O filme, apesar de certas liberdades criativas, acompanha a canção. João de Santo Cristo (Fabrício Boliveira, visceral), após perder a mãe pela seca do local e seu pai, que morreu por um tiro de um soldado, decide deixar o marasmo da fazenda só pra sentir no sangue o ódio que Jesus lhe deu. Vai para Brasília atrás de um tio bastardo, seu nome era Pablo (César Troncoso) e lhe deu algumas oportunidades, começa a trabalhar como aprendiz de carpinteiro, mas seu tio peruano tinha outros planos, a maconha e ele passa a ser seu principal vendedor e logo logo os “maluco” da cidade souberam da novidade, causando a fúria em Jeremias (Felipe Abib, ótimo), um traficante de renome que decidiu que com João ele ia acabar. Em uma fuga da polícia, João acaba conhecendo Maria Lúcia (Ísis Valverde), filha de um senador, e a “opereta” ganha contornos épicos e trágicos, numa Brasília banhada por reflexos de uma juventude em crise de perspectivas.

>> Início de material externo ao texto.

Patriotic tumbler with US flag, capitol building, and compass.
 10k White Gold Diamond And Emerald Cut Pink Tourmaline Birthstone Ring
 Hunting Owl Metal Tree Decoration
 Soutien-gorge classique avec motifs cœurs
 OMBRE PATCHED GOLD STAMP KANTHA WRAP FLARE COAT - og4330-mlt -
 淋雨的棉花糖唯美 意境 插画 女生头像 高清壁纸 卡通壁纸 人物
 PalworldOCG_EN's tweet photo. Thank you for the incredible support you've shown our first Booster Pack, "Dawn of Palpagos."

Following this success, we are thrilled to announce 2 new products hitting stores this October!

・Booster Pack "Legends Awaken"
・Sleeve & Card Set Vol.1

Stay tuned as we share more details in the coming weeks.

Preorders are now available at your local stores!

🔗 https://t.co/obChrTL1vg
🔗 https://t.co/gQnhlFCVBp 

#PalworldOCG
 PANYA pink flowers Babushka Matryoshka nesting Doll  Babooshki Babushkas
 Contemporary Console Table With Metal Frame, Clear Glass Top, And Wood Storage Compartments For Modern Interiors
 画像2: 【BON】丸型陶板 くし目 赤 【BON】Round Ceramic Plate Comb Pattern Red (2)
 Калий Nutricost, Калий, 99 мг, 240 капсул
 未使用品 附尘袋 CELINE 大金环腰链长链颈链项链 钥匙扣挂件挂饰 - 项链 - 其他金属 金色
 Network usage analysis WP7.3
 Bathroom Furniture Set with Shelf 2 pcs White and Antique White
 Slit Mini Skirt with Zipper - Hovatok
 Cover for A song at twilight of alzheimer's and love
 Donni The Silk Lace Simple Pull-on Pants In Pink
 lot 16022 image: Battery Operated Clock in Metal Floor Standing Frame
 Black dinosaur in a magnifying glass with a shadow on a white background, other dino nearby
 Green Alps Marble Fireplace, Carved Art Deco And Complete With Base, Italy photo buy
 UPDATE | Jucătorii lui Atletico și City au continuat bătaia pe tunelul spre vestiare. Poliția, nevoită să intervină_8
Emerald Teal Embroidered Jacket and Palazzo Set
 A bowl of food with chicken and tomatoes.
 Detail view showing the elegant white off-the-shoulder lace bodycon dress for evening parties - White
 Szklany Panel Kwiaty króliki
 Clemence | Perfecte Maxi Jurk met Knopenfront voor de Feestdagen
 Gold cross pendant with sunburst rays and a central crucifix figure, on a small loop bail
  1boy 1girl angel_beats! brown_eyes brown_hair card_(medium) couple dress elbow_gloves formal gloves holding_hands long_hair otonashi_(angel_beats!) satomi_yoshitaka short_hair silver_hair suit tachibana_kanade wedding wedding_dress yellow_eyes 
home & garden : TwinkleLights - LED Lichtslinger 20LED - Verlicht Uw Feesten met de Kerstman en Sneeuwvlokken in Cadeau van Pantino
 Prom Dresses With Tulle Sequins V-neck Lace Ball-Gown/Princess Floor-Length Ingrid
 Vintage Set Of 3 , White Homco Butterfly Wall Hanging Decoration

O desafio da perigosa adaptação foi cumprido à risca. O frescor de René aparece já nos primeiros eloquentes minutos de projeção e vão se estabelecendo ao longo da história. Existe uma preocupação assertiva em fugir dos arquétipos, mesmo estando trafegando num gênero tão marcadamente simbológico. O filme tem sim alguns defeitos. Dentre eles, a trepidante construção dramática da relação/obsessão de Jeremias com Maria Lucia. E o clímax final que demonstra levemente a inexperiência do diretor em construir suas marcações. Mas nada que tire o brilho do filme como um todo. René consegue com que a grandeza da história extrapole até seu viés mítico, tanto que as alterações da letra original de Renato Russo passam quase imperceptíveis. A mais interessante delas é a figura do protagonista que no cinema se impõe como um árido anti-herói e na música possuía um viés quase barroco. A chave do universo criado pelo cantor está lá: o de que a tal ajuda para “essa gente que só faz sofrer” talvez estivesse absorta dentro dela mesma, em seus fantasmas interiores. Fernando Pessoa tinha razão. Renato tinha poética. Cabe a nós ter a assimilação.